In line with this, we ask to what extent digitization can be expected to embody, mediate, and document particular discourses and identities within various library and archival institutions. This is in line with recent research in knowledge organization acknowledging how tools and practices that manage and organize documents and artefacts in institutional settings, also carry social meaning. Such research picks up bibliographical tools and discusses them as documents, or texts, each with a particular story to tell, and considers them as biased instruments that potentially embody and mediate particular discourses and institutional identities (Andersen and Skouvig, 2006; Bowker and Star, 1999; Dahlström, 2006; Frohmann, 2004; Hansson, 2006; Hanson, 2010; Hjørland, 2000; Kjellman, 2006; Olson, 2002). This means conceiving of cultural heritage digitization as a remediating practice, affecting the library in several ways. We will here put focus on two aspects:

  1. How digitization — when looked upon as a practice related to knowledge organization — contributes to how the collected and organized objects can be understood and in what way they signify meaning in relation to the kind of institutions of which they are parts. In this aspect, digitization is a practice that shapes and reshapes our cultural heritage.

  2. How digitization not only transforms cultural heritage itself but also the social character and role of the library. Memory institutions such as libraries develop and change their identities and roles as a result of the development of new and modified professional tools.

By combining research within the three fields of knowledge organization, digitization, and institutional identity, this article points to a way of addressing issues in all of these fields: in knowledge organization and digitization research by using a framework of institutional theory to enhance an understanding of the creation of meaning through these practices, and in institutional theory by pointing out how specific tools and practices help forming identity and value for an institution such as a national library.

Digitization and the Library

Digitization of library collections entails much more than just technically capturing the texts and images of analogue documents. It is rather a complex chain of events (Deegan and Tanner 2002, p. 34f.). In principle, every link in such a chain affects and delimits the nature and quality of the final digital product (Dahlström, 2009a, p. 173f.). How the different links are being implemented and cooperate is in turn dependent on the overall strategy for the digitization project and the general transmission policy of the digitizing institution. These implementations, policies and strategies tangibly affect the extent to which the digitized documents are made publicly and richly available, malleable, and reusable for new research or digitization endeavours (Dahlström, 2009b). They also create a framework for the way the digitized resources may be interpreted. This framework itself, we argue, affects the creation of meaning in a social perspective for the digitizing institution.

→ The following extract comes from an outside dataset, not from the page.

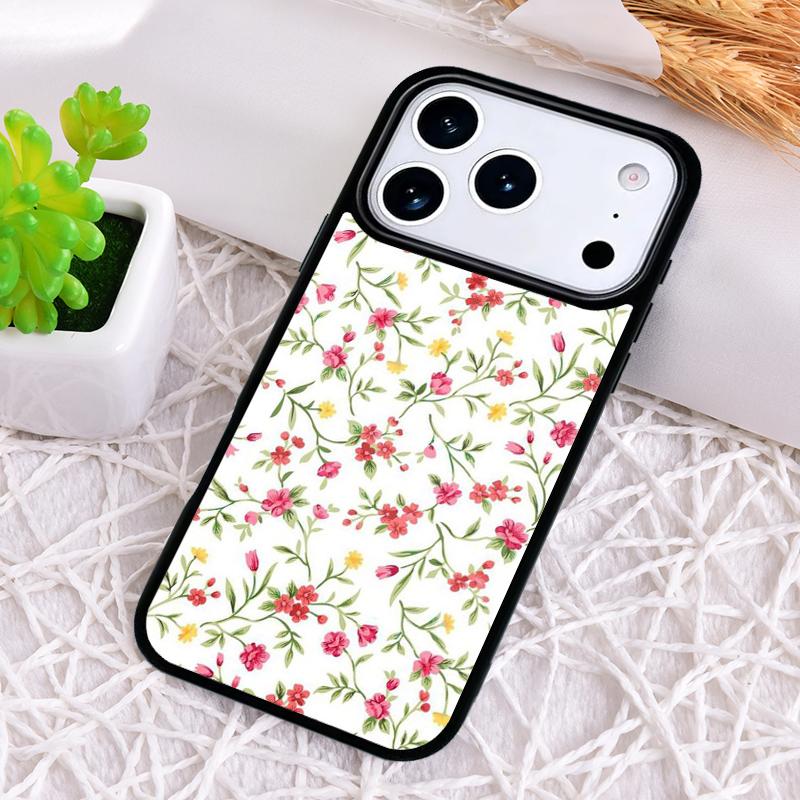 Vintage Leaves Flower Shockproof Phone Case for iPhone 17 Air 16e 15 11 12 14 13 Pro Max Cover Coque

In what follows we will first look at the digitizing issue in relation to the library’s institutional practice, and how that practice affects the way documents are managed and presented to the user. In the last section the focus will be on how the new digitizing practice affects institutional identity in, primarily, libraries and museums as memory institutions.

From Local in-House Initiatives to International Standards — Libraries and Museums

Digitization projects have been a part of library activities for some decades now. With a tentative start in the 1980’s, digitizing activities have increasingly turned into an established practice at almost every national library in the western world. Not only books but also journals, posters, photographs, postcards, letters, microfilms and manuscripts, indeed all kinds of cultural heritage materials collected by the library, have been subjected to digitizing projects of different kinds and converted into ones and zeros. The steps taken have been motivated by a desire to make the items available to a wide range of users on the World Wide Web. As we will see later in this text, however, other purposes have been on the agenda as well.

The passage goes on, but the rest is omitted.